Return only the line containing "um quarto branco" and each line after it, exactly as written, through the end of the records.

══ Data for analysis ══

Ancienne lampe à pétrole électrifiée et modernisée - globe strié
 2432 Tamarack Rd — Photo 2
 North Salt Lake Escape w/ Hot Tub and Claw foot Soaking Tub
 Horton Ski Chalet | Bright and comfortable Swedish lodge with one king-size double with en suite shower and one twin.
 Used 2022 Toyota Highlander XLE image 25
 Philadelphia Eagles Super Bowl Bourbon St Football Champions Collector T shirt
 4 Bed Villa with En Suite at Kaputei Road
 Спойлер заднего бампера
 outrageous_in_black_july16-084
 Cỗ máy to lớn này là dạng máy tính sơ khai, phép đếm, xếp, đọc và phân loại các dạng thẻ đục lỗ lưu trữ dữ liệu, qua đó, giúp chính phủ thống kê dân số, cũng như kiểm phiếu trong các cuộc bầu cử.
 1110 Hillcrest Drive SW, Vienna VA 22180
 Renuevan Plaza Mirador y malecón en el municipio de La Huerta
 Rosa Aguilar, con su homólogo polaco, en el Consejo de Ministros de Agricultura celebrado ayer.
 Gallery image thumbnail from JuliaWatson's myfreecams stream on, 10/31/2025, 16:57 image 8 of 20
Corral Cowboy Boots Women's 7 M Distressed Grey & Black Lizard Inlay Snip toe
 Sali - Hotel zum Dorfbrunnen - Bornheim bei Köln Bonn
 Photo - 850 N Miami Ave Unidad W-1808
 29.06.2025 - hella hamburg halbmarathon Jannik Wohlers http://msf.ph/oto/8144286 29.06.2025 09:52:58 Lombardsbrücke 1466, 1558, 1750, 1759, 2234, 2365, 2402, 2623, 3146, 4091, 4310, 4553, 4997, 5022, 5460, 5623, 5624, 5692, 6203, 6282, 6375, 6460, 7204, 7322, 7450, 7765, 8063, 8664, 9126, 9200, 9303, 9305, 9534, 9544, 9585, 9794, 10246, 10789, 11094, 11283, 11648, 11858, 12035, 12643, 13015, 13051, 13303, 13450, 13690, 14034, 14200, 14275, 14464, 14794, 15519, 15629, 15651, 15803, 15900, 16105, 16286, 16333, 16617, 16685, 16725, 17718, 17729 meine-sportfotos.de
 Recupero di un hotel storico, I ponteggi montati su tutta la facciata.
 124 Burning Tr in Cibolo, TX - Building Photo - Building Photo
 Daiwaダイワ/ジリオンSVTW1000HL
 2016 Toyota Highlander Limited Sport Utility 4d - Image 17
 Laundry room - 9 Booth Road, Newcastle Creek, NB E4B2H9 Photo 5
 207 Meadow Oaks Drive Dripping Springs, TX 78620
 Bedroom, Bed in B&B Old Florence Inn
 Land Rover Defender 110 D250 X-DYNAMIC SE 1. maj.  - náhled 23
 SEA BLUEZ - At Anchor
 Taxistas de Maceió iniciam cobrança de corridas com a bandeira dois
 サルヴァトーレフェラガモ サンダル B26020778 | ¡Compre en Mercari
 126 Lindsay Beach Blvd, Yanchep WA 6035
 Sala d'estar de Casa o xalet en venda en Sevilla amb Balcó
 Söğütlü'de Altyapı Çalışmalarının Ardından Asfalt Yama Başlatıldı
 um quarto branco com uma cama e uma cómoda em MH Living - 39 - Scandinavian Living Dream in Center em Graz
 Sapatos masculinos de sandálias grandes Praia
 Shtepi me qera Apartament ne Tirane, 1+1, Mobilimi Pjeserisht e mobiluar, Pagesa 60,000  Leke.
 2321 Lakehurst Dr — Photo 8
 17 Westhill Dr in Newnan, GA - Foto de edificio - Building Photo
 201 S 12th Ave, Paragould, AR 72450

═══

| Answer section |
 um quarto branco com uma cama e uma cómoda em MH Living - 39 - Scandinavian Living Dream in Center em Graz
 Sapatos masculinos de sandálias grandes Praia
 Shtepi me qera Apartament ne Tirane, 1+1, Mobilimi Pjeserisht e mobiluar, Pagesa 60,000  Leke.
 2321 Lakehurst Dr — Photo 8
 17 Westhill Dr in Newnan, GA - Foto de edificio - Building Photo
 201 S 12th Ave, Paragould, AR 72450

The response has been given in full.